May 02, 2024 3 min read

By Shane Robert

As someone who makes their living training and coaching people, it would seem logical that I would be the first to push people toward coaching. Afterall, there is no faster way to improve any skill than to have the guidance of someone more experienced and knowledgeable than you. Their years of putting in hard work means you get a warp drive toward success, skipping over the typical speed bumps that others encounter. I don’t agree.

Coaching is great. If you have the desire and financial resources to hire a coach, for anything, then by all means do so, I don’t begrudge that. As I said above, that is literally how I make my living, but we are in this weird place where it feels like we are being told that we NEED a coach. For everything. 

Want to get stronger? Hire a coach. 

Need better time management? Hire a coach. 

Want to organize your house? Hire a coach

Want to lose weight? Hire a coach

I think you get the point. There is almost nothing that people aren’t pushed to hire a coach for (or use whatever synonym for coach you like). Aside from the monetary cost that this entails, which is often substantial, we lose very important learning opportunities from never encountering hurdles. I have never seen a quote or motivational saying that says, “100% success all the time with no failures is the best way to learn and master something.” Quite the opposite. By never encountering hardship or outright failure in an endeavor, we only learn that that one particular thing works, never understanding that other things might also work, or why that one thing works. This leads to a fear of branching out to try new things and, perhaps, finding that they work better.

This happens a lot in online communities that deal with lifting. A new lifter will ask a question and, rather than simply answer, they say “get a coach.” While this answer might be appropriate, particularly for learning new movements, it isn’t something that has to be ongoing. Unfortunately, most coaching is not designed to empower and teach the trainee. It simply asks that they follow blindly and not question why, causing the trainee to be reliant on the coach. (CAVEAT: great coaches will encourage you to ask why and DO want to empower their trainees to learn from the process. Sadly there aren’t that many great coaches). I see this attitude even more when someone tries to create a program on their own. They are scolded and told to follow an established program or hire a coach, as if all of this training stuff is so immensely complicated no one could possibly figure it out on their own. Please ignore that most of the great lifters of the past did exactly that. The trial and error, success or failure of trying different established programs, or ideas of your own, is what leads to new ways of doing something. 

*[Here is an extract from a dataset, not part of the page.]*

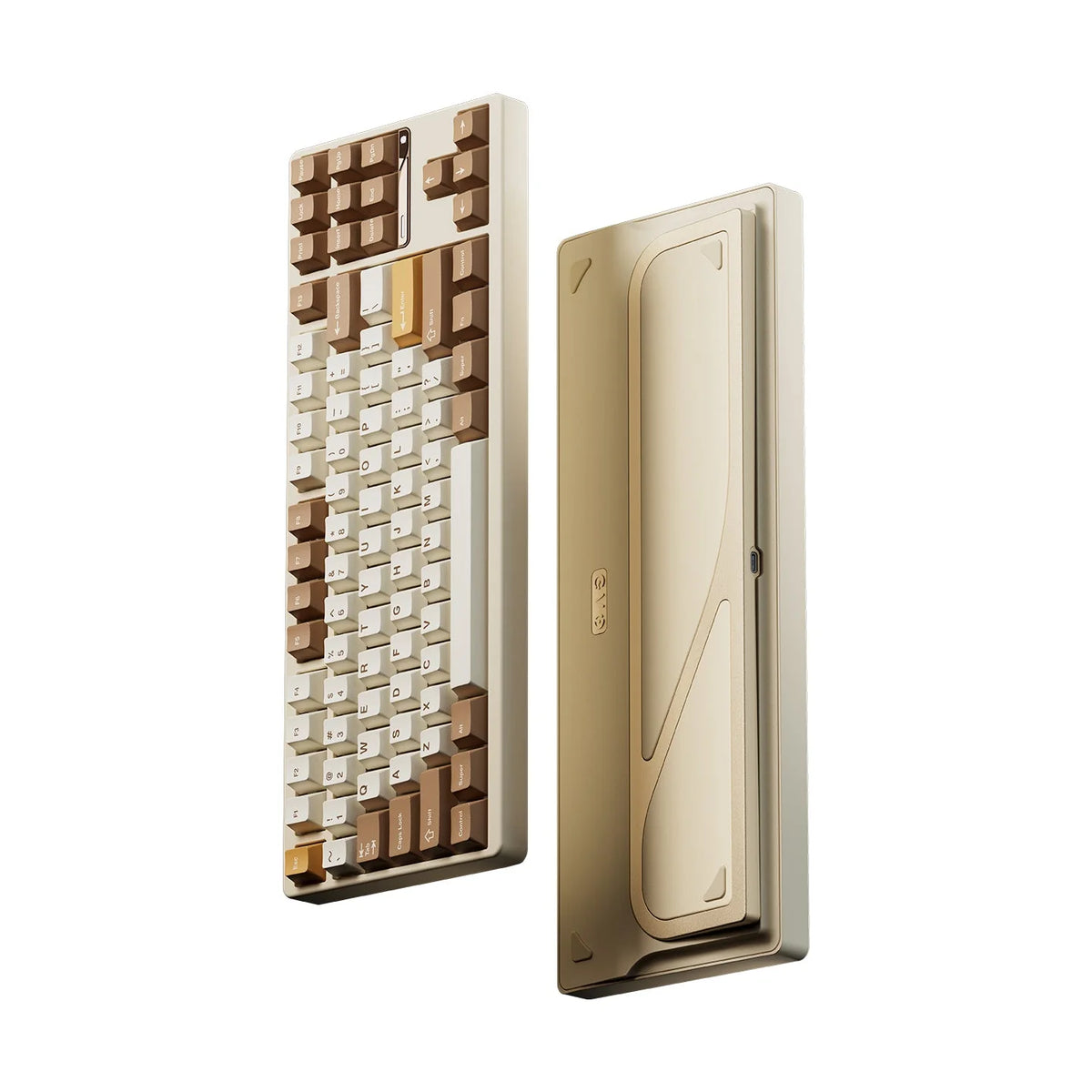 Evo80 80% TKL mechanical keyboard in spray-coated cream, top and bottom view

By scaring people away from experimenting with their training, we lose a lot as a community. Looking at programs from the past shows what a wide variety of training people were doing as a result of simply trying on their own. Today, there is much less variety in the programs being put out. I can’t count the amount of times I’ve seen coaches prescribe working up to a single @8 RPE, then drop 20% for 3-5x3-5 @8 RPE. I’m not going to sit here and say that this can’t work, but I am confident that it won’t work for everyone. Compare this to something like the Hepburn method or Lamar Gant’s deadlift routine (which calls for doing 5x8 with 78%!) and you’ll see how vastly different training was/can be. 

I’m not against coaches. I am against the idea that you shouldn’t experiment and learn on your own. Maybe the guidance of a coach will be useful in your learning process. Maybe a book or a ton of articles will be enough for what you need. However you get there, I believe there is value in seeing and experiencing a lot of different ways to train, rather than simply becoming a clone of someone else's cookie cutter program.